━━━ Data ━━━

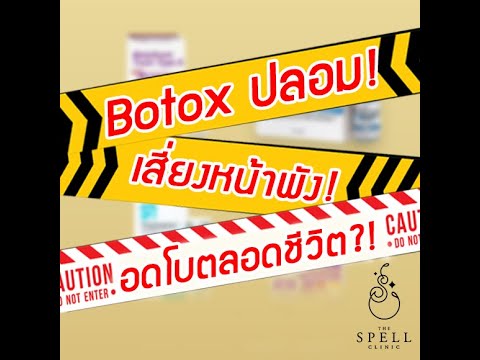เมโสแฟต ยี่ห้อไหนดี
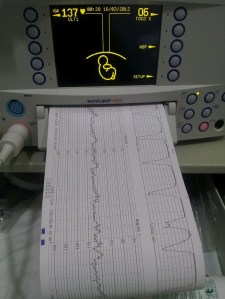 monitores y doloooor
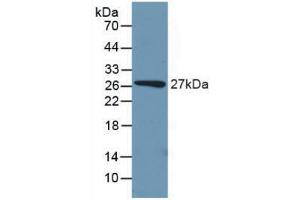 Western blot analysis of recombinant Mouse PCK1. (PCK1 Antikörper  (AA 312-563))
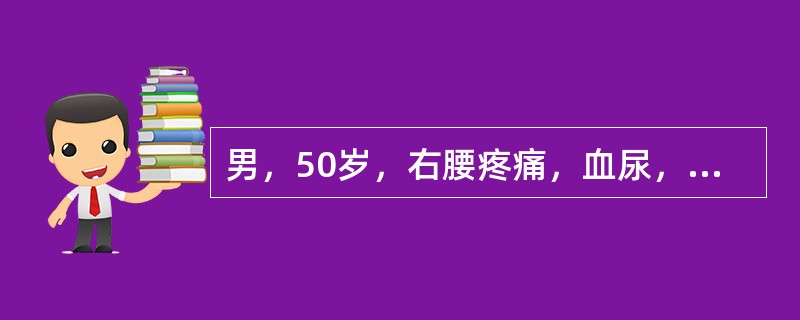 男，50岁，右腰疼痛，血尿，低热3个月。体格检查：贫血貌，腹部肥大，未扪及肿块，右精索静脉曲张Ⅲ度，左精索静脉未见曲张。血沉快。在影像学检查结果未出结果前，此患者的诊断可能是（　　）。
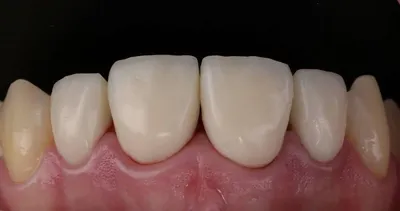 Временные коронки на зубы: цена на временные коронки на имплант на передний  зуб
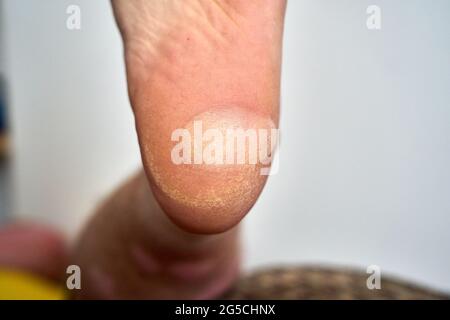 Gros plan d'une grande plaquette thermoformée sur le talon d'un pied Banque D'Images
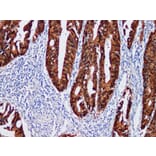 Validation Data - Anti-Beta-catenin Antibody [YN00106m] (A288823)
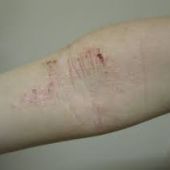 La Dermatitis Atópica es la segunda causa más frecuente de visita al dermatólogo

━━━
━━━ Data ━━━

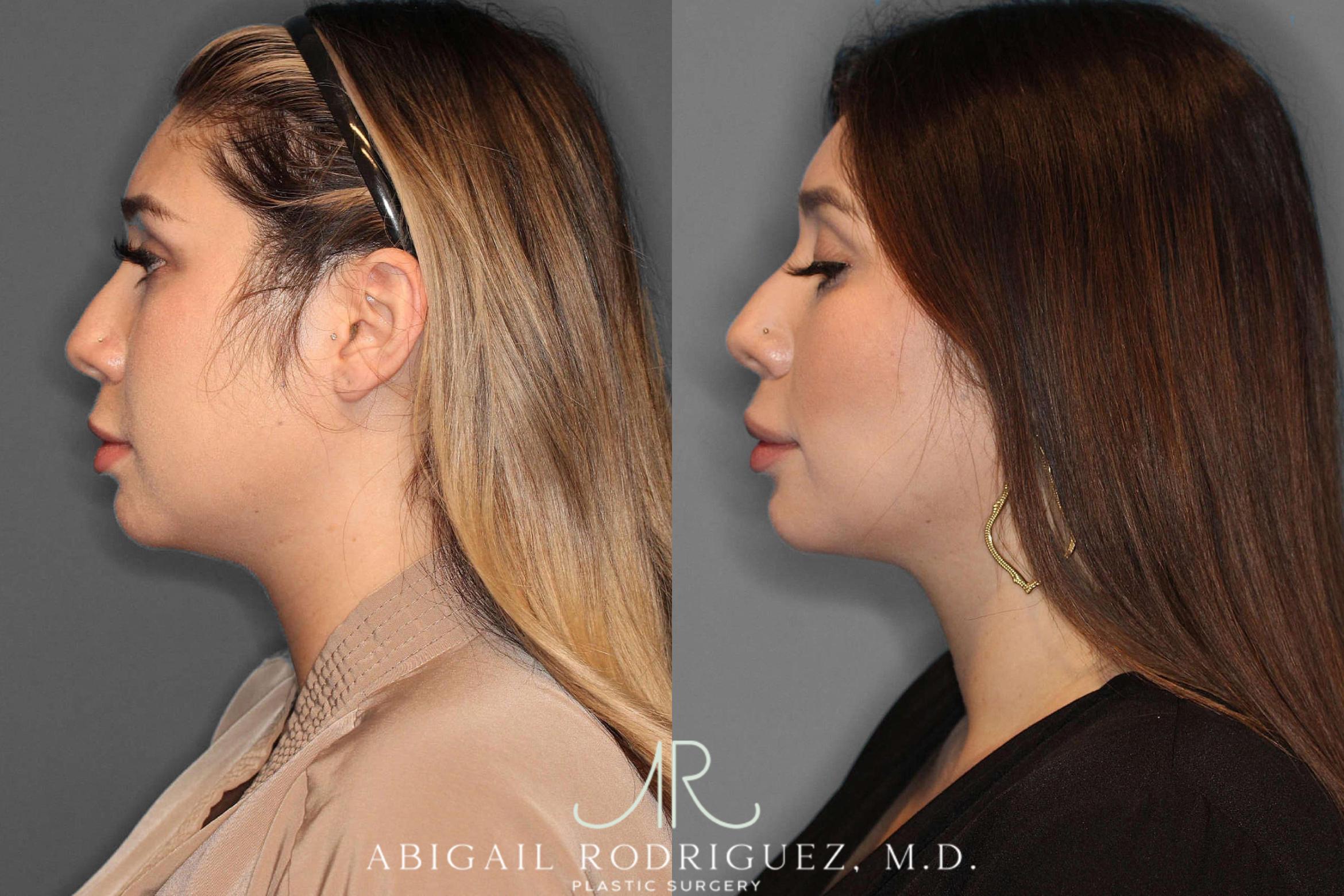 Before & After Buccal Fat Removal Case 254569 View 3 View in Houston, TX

━━━
━━━ Data ━━━

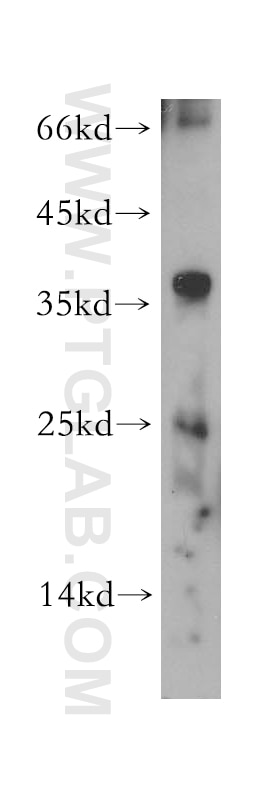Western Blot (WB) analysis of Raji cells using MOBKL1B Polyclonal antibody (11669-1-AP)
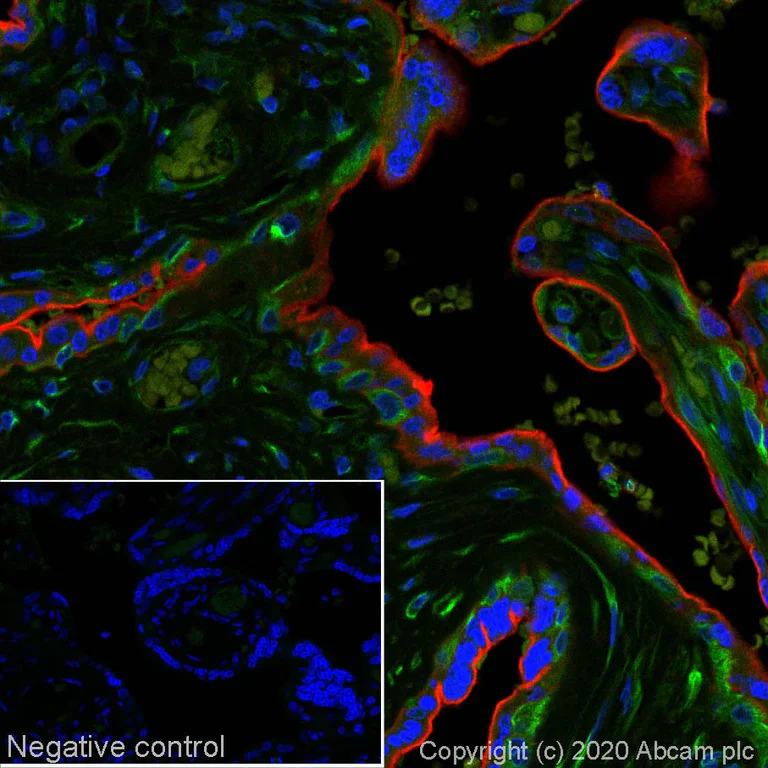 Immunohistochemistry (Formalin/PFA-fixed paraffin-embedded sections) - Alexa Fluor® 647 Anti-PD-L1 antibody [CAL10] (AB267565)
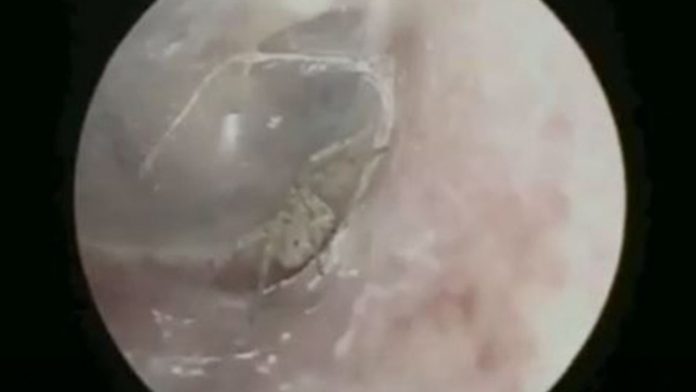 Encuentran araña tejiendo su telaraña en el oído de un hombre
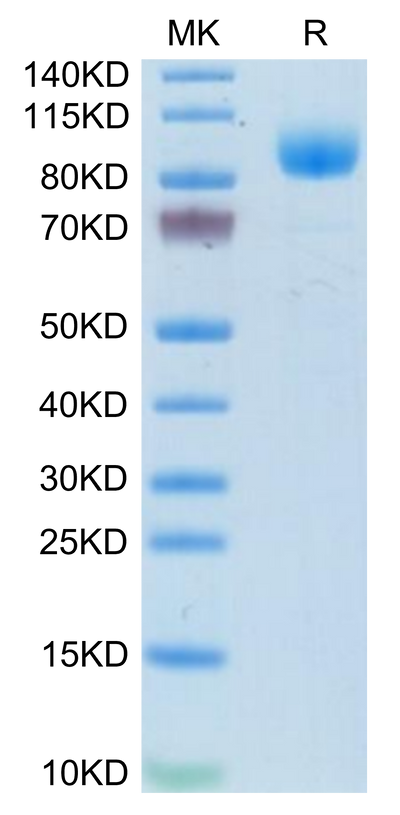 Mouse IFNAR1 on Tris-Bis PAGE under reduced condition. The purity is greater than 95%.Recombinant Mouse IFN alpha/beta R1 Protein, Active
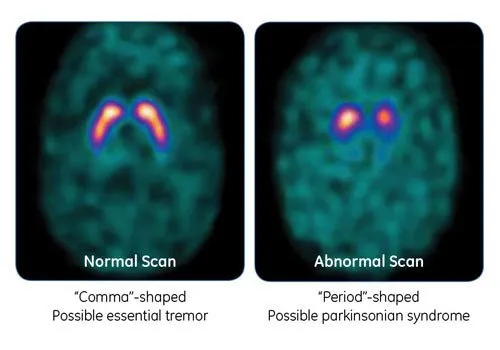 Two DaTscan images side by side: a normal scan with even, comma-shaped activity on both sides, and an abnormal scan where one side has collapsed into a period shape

━━━

**Task requirements**:
Nothing outside the stretch above, from the line with "男，50岁，右腰疼痛，血尿，" through the line with "La Dermatitis Atópica", is set down. Transcribe that stretch exactly, ends included, but not its pictures.

**Task answer**:
 男，50岁，右腰疼痛，血尿，低热3个月。体格检查：贫血貌，腹部肥大，未扪及肿块，右精索静脉曲张Ⅲ度，左精索静脉未见曲张。血沉快。在影像学检查结果未出结果前，此患者的诊断可能是（　　）。
 Временные коронки на зубы: цена на временные коронки на имплант на передний  зуб
 Gros plan d'une grande plaquette thermoformée sur le talon d'un pied Banque D'Images
 Validation Data - Anti-Beta-catenin Antibody [YN00106m] (A288823)
 La Dermatitis Atópica es la segunda causa más frecuente de visita al dermatólogo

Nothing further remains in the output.